» What you have to do:
Return, exactly and in full, the lines of the records below starting at the one with "LabradorTrainingHQ" and ending at the one with "Viburnum opulus ‘Roseum’ — katalog fotoğrafı", and no other lines.

» Given data:
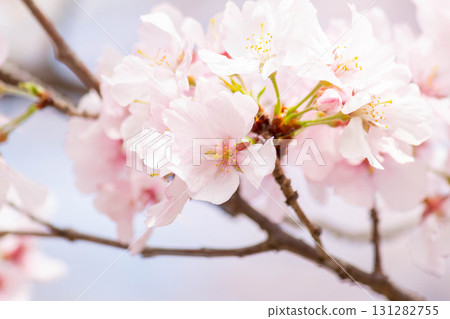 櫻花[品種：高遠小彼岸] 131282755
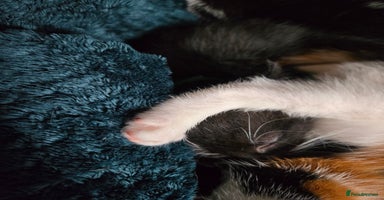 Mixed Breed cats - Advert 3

--

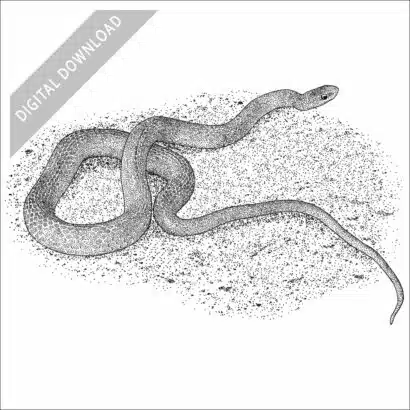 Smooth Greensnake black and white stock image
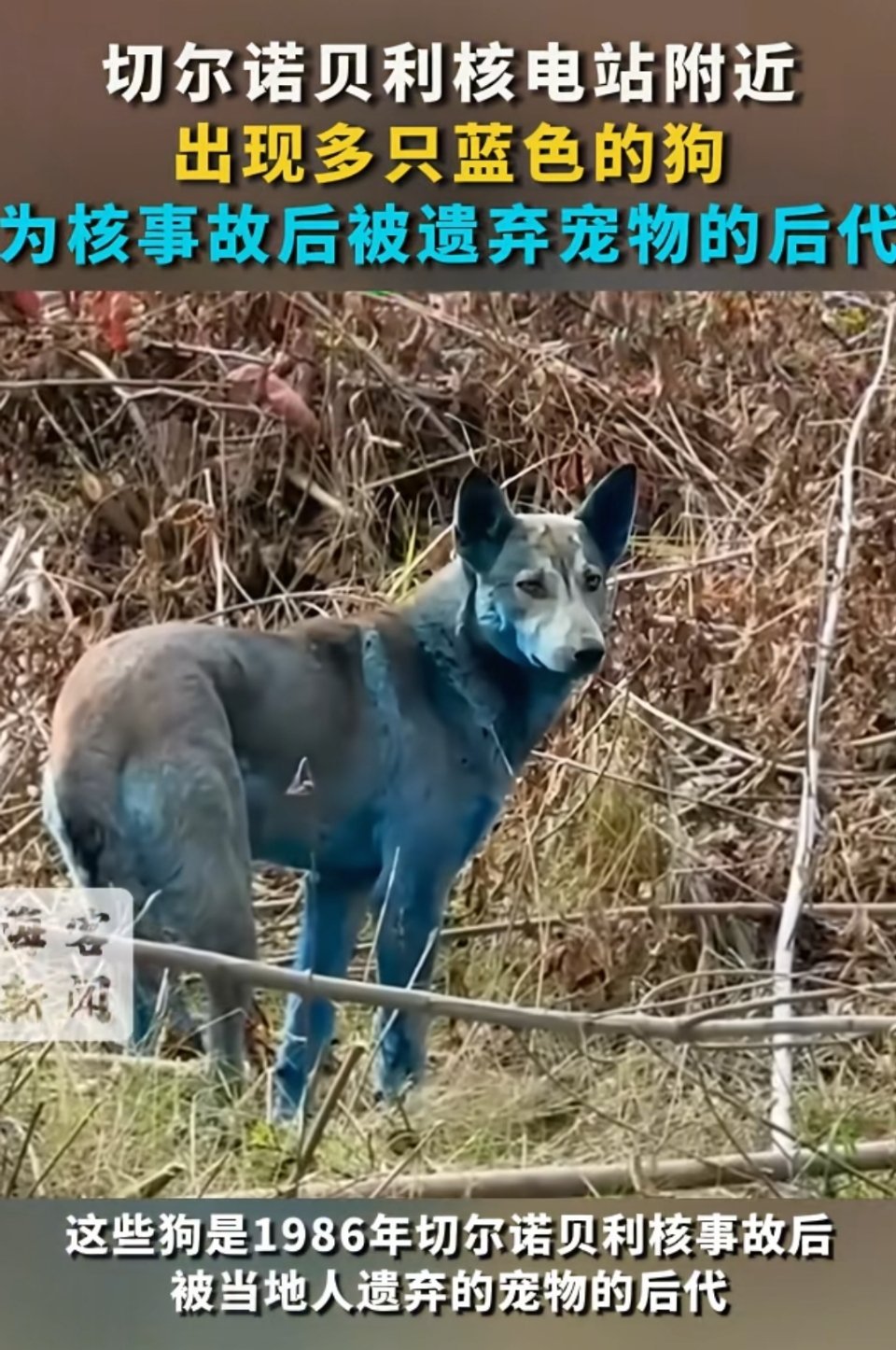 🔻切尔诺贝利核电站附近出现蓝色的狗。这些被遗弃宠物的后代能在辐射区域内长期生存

==

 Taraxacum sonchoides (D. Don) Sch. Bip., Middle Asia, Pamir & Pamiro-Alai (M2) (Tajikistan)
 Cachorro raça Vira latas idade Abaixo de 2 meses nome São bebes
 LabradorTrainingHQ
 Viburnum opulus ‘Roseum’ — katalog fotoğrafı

» Task result:
 LabradorTrainingHQ
 Viburnum opulus ‘Roseum’ — katalog fotoğrafı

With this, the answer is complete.